2. Medeni bir Müslüman olmak istiyorsan birkaç arkadaşınla birlikte MEB’in açtığı parasız mükemmel Osmanlıca kurslarına hemen katıl, okur-yazar Müslüman ol. “Bana Osmanlıca lazım değil, önce İngilizce öğrenmek istiyorum” gibi beyinsizlikleri terket. Sana, bir Müslüman olarak Latin Türkçesi yetişmez, İslam Türkçesi bileceksin. İngilizceden önce de zengin, derin, edebî, yazılı Türkçeyi öğreneceksin. Aksi takdirde cahilliği tercih etmiş olursun.
3. Müslüman hanım ve kızlara: Başınıza bir eşarp bağlamakla Kur’anî tesettüre girmiş olmazsınız. Tesettür ikiye ayrılır: Şer’î tesettür… Şeytanî tesettür… Şer’î tesettürün ne olduğunu öğrenmeli ve elden geldiği kadar ona bürünmeli… Parlak ve cırtlak renkler, vücut hatlarını belli eden dar elbiseler, yabancı erkeklerin şehevî bakışlarını, açık kadınlardan daha fazla çeken eksantrik kıyafetler kesinlikle tesettür değildir. Tesettürü şahsî menfaat ve ticaretlerine alet ederek şeytanileştirenler vebal altındadır. Tesettür ticareti yapmak istiyorlarsa Şeriata uygun şekilde yapsınlar. Aksi takdirde, İslam’a aykırı acayip kıyafetlere büründürdükleri ve doğru yoldan çıkarttıkları kadınların vebali onların üzerine olacaktır.
4. Her Müslümanın hiç olmazsa özet olarak ilmihalini bilmesi farzdır. Bir Müslümanın ilmihalini öğrenmek veya öğrenmemek konusunda tercih hakkı yoktur. Öğrenmekle mükelleftir, yükümlüdür. Bu onun için farz-ı ayndır… Sen bir Müslüman olarak bir yığın politikacı, futbolcu, gazeteci, şarkıcı, türkücü ismi öğren; lakin Allahü Teâla’nın on dört sıfatını öğrenmemiş ve ezberlememiş ol. Bu ne korkunç bir cehalet ve gaflettir! Ülkemizde resmî bir Diyanet var, özel diyanetler, cemaatler, tarikatlar, İslamî hizip ve fırkalar var ve halk ilmihalini bilmiyor. Bu ne dehşetli ihmal, gaflet ve boşluktur.
5. Her Müslüman, imandan sonra ikinci madde olarak beş vakit namaza çok önem verecek ve bunları dosdoğru eda edecektir.
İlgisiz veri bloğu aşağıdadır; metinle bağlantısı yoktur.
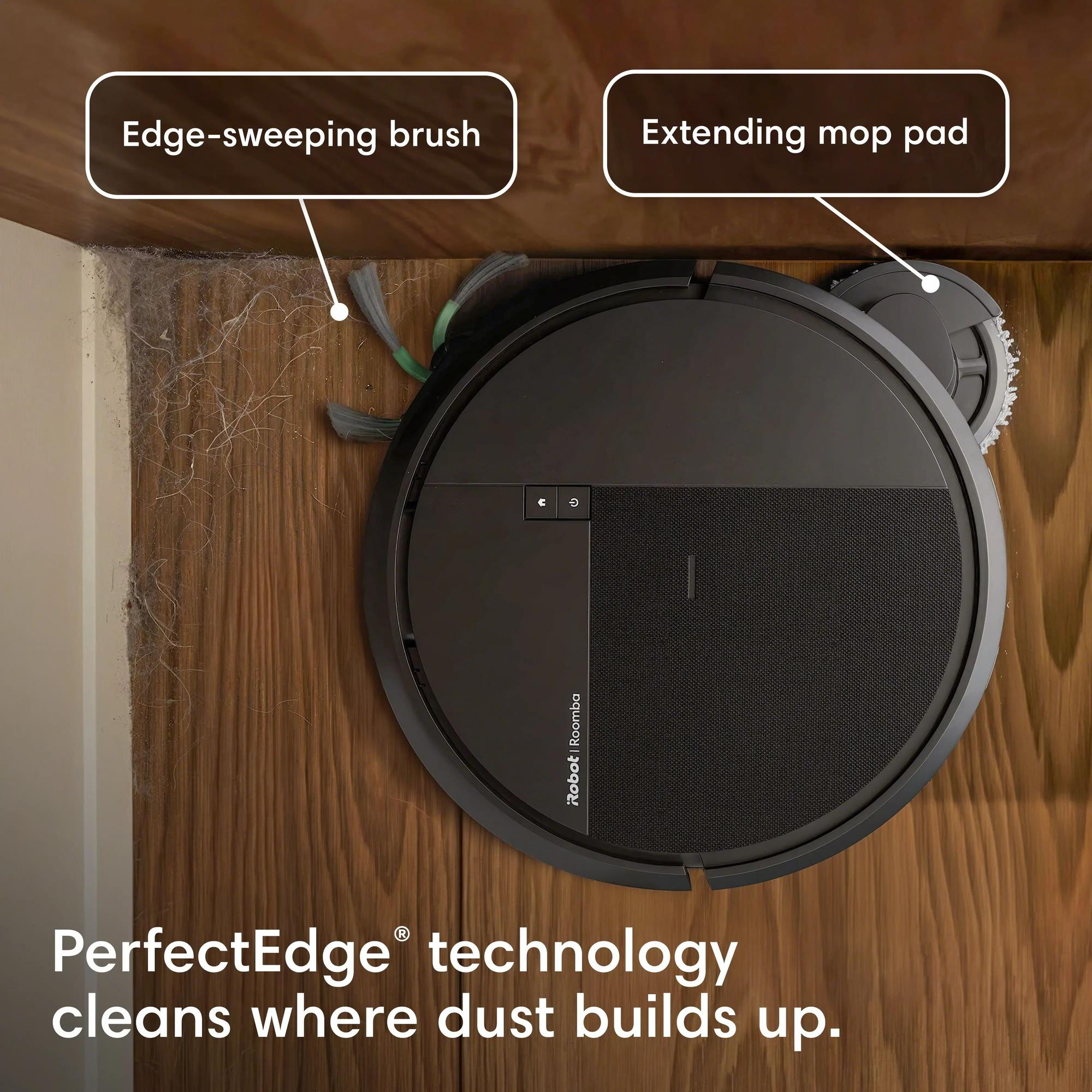 Un aspirateur robot noir nettoie un coin poussiéreux à côté d'un parquet.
Namazı yitiren dinini, imanını yitirebilir. Bilenlerin bu konuda bilmeyenleri çok sıkı şekilde uyarması, aydınlatması, korkutması gerekir. Hiçbir din hocasının, hiçbir şeyhin bağlılarını ve müritlerini namaz konusunda başıboş bırakmaya hakkı yoktur.
6. Şer’î bir özrü bulunmayan hür ve mukim erkekler farz namazları cemaatle kılmak zorundadır. Üç mezhepte bu farzdır, Hanefî mezhebinde farza yakın bir sünnettir. Özürsüz olarak terki caiz değildir. Zamanımızda cami imamlığının ücretli-maaşlı namaz kıldırma memurluğuna dönüştürülmüş olması, İslam’a ve ümmete indirilmiş büyük bir darbedir, büyük bir hıyanettir. Müslümanların, arkasında namaz kılınabilecek âbid, sâlih, muttaqi, alim, fakih, zâhid, icazetli imamlar arayıp bulup, ezan okununca onların camilerine gitmeleri gerekir.
7. Sabah namazlarında Müslüman halkın, bilhassa liseli ve üniversiteli gençlerin,sâlih imamların bulunduğu camilere gitmesi gerekir. Sabah namazını hiç kılmayan yahut münferiden kılan İslam toplulukları iflah olmaz, necat bulmaz. Bendeniz din alimi değilim, bu kadar yazıyorum. İcazetli din alimlerinin halkı ve gençliği bu konuda uyarması gerekir. Uyarmazlarsa vebal onların üzerine olur.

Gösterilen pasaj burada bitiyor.